(Brief descriptive captions)

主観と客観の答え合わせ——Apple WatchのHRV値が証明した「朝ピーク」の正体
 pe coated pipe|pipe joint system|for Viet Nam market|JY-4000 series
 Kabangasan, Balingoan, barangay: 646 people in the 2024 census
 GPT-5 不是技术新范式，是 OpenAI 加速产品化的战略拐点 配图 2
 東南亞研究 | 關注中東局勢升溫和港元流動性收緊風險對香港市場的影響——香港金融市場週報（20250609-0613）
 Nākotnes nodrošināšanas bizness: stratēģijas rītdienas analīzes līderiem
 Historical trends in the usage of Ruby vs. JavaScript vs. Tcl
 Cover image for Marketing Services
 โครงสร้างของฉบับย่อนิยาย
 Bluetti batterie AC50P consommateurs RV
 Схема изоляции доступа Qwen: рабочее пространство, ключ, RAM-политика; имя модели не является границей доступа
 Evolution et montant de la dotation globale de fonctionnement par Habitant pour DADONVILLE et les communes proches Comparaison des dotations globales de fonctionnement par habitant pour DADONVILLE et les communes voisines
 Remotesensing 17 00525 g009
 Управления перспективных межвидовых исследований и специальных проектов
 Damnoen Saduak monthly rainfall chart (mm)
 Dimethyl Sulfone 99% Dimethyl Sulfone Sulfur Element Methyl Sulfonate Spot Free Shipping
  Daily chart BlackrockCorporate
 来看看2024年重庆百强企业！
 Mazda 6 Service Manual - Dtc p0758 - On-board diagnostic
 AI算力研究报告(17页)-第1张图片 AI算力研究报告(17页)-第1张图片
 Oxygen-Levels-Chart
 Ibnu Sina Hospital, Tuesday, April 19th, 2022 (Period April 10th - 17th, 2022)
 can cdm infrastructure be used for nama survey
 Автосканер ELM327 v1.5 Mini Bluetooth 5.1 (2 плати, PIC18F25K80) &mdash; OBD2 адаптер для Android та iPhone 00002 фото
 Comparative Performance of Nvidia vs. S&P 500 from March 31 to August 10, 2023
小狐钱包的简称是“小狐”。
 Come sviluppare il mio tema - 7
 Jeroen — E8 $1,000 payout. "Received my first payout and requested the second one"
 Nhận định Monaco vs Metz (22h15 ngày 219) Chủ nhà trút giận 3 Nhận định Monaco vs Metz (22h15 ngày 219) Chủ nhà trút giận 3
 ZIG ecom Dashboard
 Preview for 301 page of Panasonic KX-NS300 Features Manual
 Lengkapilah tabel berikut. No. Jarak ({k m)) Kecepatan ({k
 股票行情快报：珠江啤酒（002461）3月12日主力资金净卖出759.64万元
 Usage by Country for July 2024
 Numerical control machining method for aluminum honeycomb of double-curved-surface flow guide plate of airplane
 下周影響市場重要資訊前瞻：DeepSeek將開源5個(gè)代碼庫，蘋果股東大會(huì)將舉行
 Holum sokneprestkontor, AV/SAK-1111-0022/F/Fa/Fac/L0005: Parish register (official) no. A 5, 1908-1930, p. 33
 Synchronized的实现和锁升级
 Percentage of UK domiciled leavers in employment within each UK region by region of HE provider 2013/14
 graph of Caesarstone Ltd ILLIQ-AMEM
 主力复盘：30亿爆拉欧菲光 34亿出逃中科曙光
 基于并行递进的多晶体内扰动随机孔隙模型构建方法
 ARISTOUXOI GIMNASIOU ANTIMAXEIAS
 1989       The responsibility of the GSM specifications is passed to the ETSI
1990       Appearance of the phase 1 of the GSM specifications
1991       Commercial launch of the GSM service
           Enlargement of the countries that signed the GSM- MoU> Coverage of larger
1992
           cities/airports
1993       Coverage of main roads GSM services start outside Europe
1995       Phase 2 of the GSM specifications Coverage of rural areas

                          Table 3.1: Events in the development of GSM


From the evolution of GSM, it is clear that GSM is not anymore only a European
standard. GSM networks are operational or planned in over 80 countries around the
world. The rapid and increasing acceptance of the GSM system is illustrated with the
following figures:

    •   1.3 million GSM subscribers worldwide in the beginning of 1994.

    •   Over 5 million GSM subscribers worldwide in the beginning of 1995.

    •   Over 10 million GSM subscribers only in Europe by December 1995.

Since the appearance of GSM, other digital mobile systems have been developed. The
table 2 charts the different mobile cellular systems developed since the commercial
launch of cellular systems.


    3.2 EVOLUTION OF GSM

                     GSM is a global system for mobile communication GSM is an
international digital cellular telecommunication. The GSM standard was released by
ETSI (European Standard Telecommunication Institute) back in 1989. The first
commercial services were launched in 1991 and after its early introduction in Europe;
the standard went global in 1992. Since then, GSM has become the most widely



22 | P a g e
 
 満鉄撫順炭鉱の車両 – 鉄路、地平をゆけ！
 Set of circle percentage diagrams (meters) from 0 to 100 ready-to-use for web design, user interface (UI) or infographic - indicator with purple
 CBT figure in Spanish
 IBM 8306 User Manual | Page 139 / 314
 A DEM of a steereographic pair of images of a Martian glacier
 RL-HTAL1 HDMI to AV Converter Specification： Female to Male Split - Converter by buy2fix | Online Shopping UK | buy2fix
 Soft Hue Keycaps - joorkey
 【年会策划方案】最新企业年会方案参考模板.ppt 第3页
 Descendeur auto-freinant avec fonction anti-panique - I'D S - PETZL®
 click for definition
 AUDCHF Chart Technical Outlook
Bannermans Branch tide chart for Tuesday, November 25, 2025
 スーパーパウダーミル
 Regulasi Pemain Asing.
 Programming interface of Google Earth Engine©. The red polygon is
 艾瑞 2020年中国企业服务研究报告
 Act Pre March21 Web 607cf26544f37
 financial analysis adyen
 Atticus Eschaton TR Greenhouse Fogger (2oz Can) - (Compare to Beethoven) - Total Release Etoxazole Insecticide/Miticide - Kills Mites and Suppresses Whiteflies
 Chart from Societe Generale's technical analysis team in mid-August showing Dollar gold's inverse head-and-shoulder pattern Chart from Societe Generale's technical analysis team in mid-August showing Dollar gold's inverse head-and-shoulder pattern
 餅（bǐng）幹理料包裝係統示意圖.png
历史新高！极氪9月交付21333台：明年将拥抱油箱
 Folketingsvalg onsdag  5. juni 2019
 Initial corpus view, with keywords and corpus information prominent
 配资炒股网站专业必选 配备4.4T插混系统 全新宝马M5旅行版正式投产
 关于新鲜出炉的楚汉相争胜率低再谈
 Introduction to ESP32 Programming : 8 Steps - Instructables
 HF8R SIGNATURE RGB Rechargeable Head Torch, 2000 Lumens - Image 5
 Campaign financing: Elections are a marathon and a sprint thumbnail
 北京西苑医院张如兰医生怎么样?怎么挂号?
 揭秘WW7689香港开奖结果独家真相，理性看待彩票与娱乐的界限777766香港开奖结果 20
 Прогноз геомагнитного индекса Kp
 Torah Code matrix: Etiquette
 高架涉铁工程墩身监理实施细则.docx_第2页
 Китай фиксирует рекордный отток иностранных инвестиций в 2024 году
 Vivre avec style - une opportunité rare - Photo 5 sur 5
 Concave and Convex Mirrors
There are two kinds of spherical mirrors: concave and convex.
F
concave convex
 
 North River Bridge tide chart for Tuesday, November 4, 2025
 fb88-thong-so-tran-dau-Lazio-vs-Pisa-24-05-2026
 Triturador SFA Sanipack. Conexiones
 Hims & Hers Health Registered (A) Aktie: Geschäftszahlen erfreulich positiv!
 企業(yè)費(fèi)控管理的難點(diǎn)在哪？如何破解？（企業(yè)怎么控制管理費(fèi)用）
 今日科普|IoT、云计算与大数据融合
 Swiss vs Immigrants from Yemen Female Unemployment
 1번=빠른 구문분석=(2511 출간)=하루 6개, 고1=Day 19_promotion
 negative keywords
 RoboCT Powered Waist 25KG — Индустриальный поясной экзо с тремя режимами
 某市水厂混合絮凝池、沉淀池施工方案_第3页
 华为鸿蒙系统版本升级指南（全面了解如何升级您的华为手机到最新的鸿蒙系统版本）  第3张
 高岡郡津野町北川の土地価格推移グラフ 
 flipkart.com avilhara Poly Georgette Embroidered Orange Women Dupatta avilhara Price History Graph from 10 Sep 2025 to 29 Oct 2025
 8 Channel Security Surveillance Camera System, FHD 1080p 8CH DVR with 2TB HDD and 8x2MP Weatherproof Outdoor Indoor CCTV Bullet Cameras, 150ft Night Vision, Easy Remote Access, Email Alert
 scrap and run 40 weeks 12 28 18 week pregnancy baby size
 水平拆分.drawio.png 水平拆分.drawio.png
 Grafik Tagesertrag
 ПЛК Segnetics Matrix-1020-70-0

* What the exercise asks:
When the word "cellular" occurs in a line above, list that line.

* Exercise answer:
table 2 charts the different mobile cellular systems developed since the commercial
launch of cellular systems.
international digital cellular telecommunication. The GSM standard was released by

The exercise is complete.